======== GIVEN RECORDS ========

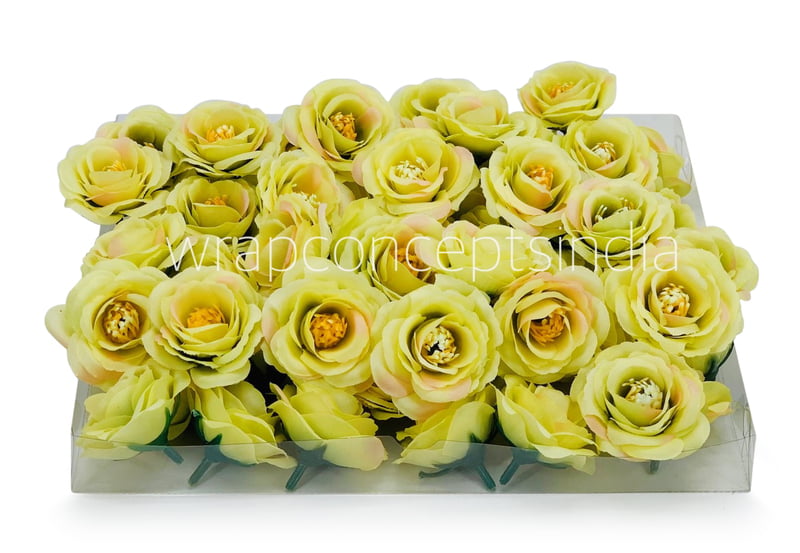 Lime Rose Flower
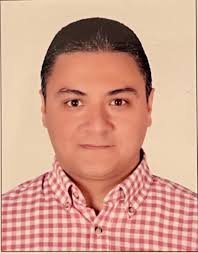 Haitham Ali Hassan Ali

========
======== GIVEN RECORDS ========

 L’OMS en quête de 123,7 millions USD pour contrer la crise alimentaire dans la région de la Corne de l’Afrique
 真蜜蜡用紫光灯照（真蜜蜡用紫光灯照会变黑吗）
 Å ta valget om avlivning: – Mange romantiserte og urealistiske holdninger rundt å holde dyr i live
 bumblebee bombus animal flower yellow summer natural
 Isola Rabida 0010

========
======== GIVEN RECORDS ========

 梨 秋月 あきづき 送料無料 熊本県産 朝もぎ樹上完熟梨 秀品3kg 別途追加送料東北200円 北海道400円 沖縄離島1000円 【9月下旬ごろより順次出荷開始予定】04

========

* _TASK DETAILS_:
Nothing should appear in the answer except the lines above from the line with "真蜜蜡用紫光灯照（真蜜蜡用紫光灯照会变黑吗）" through the line with "Isola Rabida 0010", both included, written out exactly.

* _OUTPUT FOR THIS TASK_:
 真蜜蜡用紫光灯照（真蜜蜡用紫光灯照会变黑吗）
 Å ta valget om avlivning: – Mange romantiserte og urealistiske holdninger rundt å holde dyr i live
 bumblebee bombus animal flower yellow summer natural
 Isola Rabida 0010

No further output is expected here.